■ EXERCISE GOAL: Each line below from the one containing "Samsung s26 Ultra" through the one containing "Suitable for iPhone17" should be output exactly as it stands, and no other line should appear.
*** Opening of RECORDED INFORMATION ***
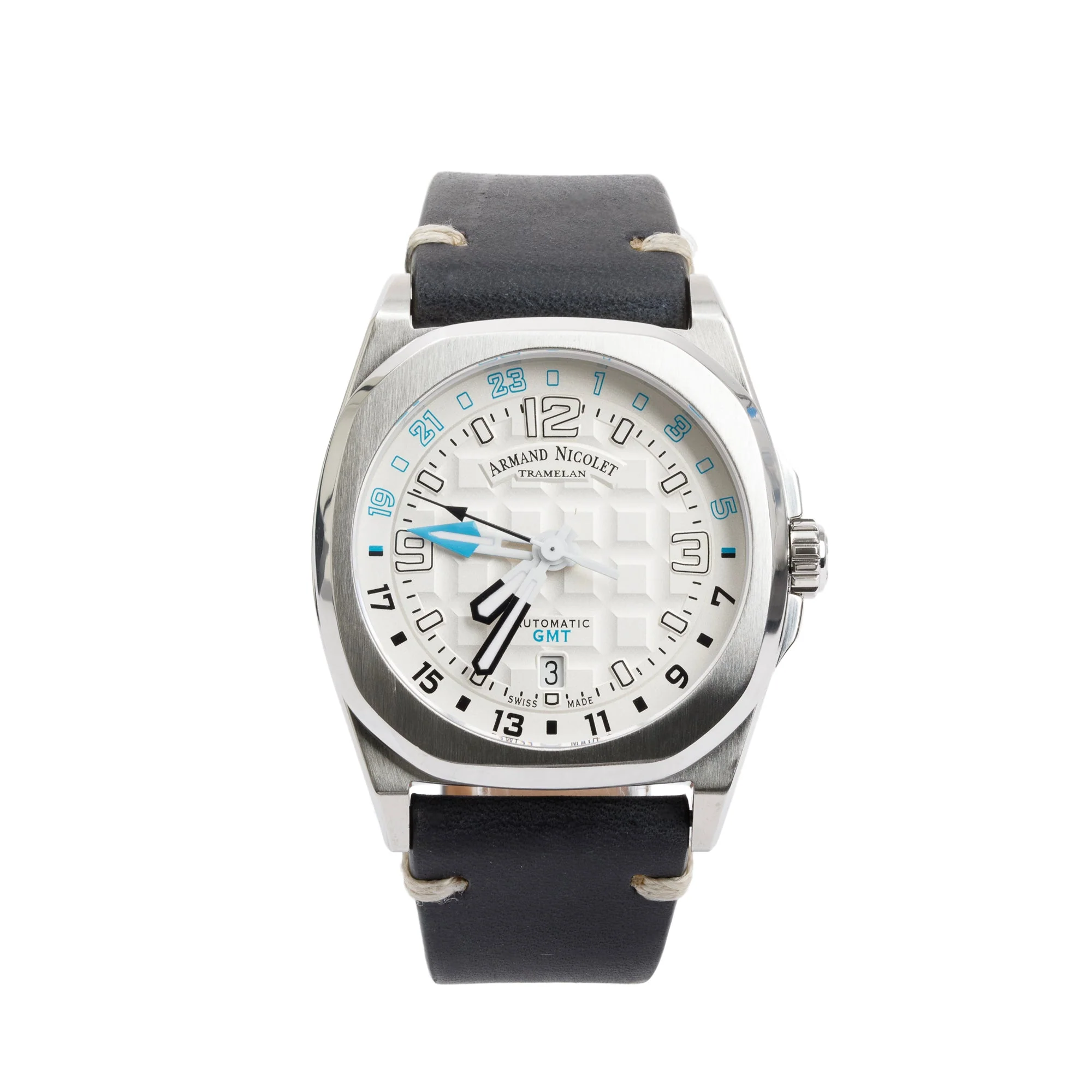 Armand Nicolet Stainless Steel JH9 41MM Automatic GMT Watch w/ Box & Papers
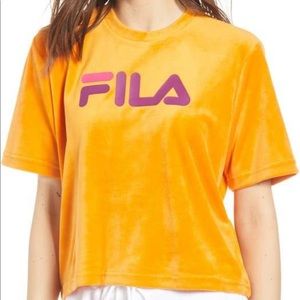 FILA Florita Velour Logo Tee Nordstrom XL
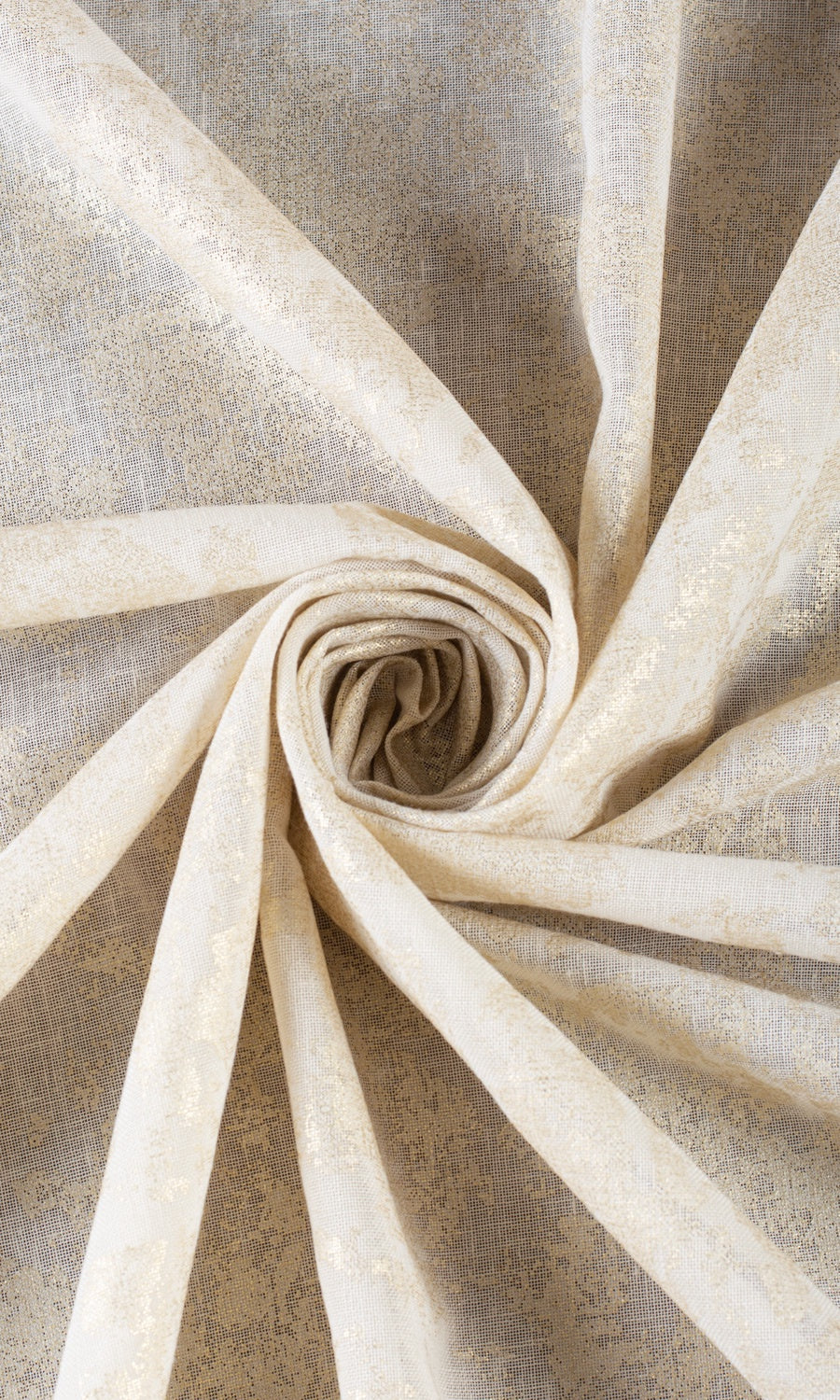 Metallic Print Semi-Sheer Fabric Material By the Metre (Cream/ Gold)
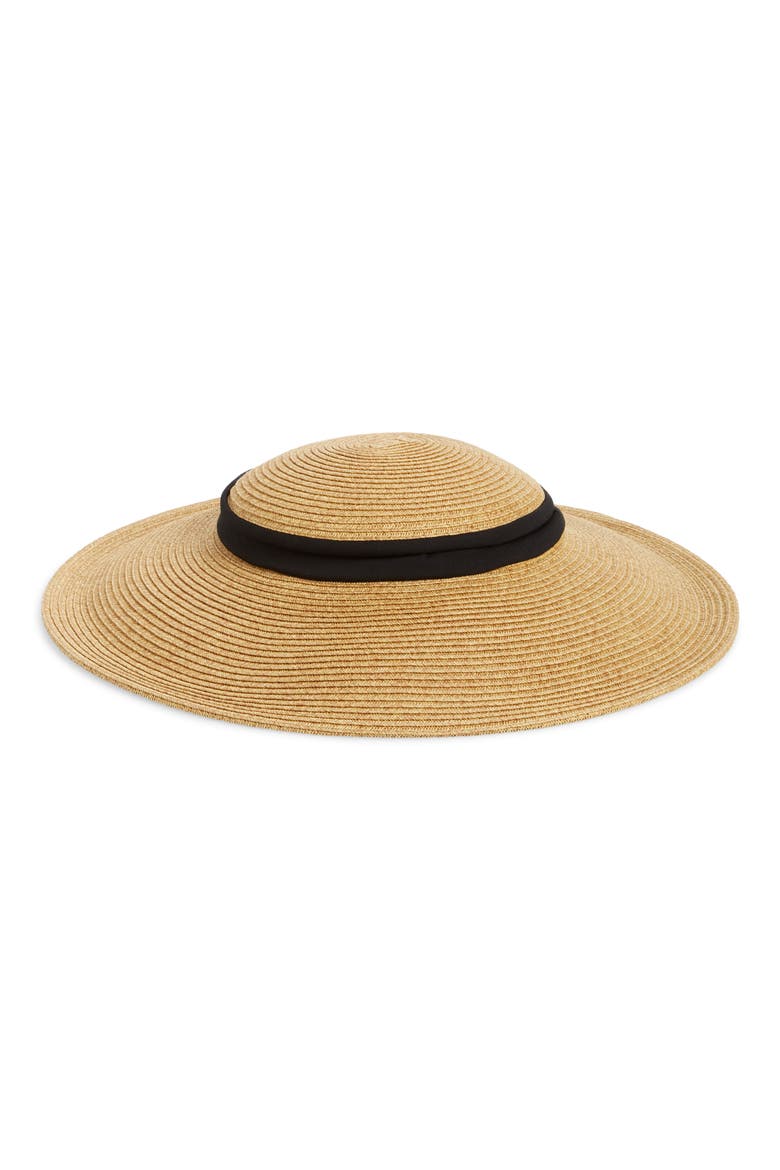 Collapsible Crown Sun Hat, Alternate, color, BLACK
*** Close of RECORDED INFORMATION ***
*** Opening of RECORDED INFORMATION ***
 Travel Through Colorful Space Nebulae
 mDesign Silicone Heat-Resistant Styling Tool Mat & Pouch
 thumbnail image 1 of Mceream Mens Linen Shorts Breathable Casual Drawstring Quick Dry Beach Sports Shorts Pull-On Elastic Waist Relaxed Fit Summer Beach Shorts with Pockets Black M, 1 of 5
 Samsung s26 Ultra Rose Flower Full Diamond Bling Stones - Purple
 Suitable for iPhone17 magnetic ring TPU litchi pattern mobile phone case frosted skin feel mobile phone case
*** Close of RECORDED INFORMATION ***
■ ANSWER SPACE:
 Samsung s26 Ultra Rose Flower Full Diamond Bling Stones - Purple
 Suitable for iPhone17 magnetic ring TPU litchi pattern mobile phone case frosted skin feel mobile phone case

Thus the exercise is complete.